**WHAT IS REQUIRED:**
Go through the records below and copy out every line holding "para".

**DATASET ENTRIES:**
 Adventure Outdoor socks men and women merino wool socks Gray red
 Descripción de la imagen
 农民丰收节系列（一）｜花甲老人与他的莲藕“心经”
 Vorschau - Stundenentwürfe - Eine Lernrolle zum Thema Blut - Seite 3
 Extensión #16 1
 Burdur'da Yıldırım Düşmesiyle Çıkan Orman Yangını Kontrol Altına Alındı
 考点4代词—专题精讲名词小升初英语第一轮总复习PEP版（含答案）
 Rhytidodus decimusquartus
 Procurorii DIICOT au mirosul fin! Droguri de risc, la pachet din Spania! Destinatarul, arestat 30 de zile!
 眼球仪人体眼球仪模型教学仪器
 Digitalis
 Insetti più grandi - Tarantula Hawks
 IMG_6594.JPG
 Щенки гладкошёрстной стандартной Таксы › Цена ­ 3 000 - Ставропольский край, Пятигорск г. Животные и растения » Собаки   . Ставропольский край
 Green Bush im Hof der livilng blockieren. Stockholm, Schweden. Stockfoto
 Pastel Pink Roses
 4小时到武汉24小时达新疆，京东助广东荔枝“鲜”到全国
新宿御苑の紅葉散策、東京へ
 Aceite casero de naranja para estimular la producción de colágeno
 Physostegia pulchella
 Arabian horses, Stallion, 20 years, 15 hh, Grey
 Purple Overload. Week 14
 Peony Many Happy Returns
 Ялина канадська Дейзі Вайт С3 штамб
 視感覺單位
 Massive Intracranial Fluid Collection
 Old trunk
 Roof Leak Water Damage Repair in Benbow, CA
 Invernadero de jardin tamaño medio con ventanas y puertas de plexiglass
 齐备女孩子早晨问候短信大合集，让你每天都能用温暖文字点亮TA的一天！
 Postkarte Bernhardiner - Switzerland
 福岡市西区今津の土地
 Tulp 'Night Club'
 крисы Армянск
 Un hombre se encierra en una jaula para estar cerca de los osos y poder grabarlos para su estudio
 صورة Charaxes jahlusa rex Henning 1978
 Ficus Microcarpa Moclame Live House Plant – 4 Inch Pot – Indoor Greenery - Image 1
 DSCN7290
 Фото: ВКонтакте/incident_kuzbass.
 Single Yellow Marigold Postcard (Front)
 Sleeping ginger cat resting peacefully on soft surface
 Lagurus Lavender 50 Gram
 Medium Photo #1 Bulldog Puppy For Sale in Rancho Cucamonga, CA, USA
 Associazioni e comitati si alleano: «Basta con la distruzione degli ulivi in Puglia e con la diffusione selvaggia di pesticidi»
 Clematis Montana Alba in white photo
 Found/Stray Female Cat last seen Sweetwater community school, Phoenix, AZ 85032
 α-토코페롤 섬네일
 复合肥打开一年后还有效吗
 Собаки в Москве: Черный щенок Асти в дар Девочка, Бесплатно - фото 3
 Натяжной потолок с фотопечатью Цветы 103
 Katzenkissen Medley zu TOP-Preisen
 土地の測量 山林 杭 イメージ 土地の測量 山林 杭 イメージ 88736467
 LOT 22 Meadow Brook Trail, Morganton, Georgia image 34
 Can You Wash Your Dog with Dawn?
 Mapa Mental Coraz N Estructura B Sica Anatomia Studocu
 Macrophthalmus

**FINAL ANSWER:**
 Aceite casero de naranja para estimular la producción de colágeno
 Un hombre se encierra en una jaula para estar cerca de los osos y poder grabarlos para su estudio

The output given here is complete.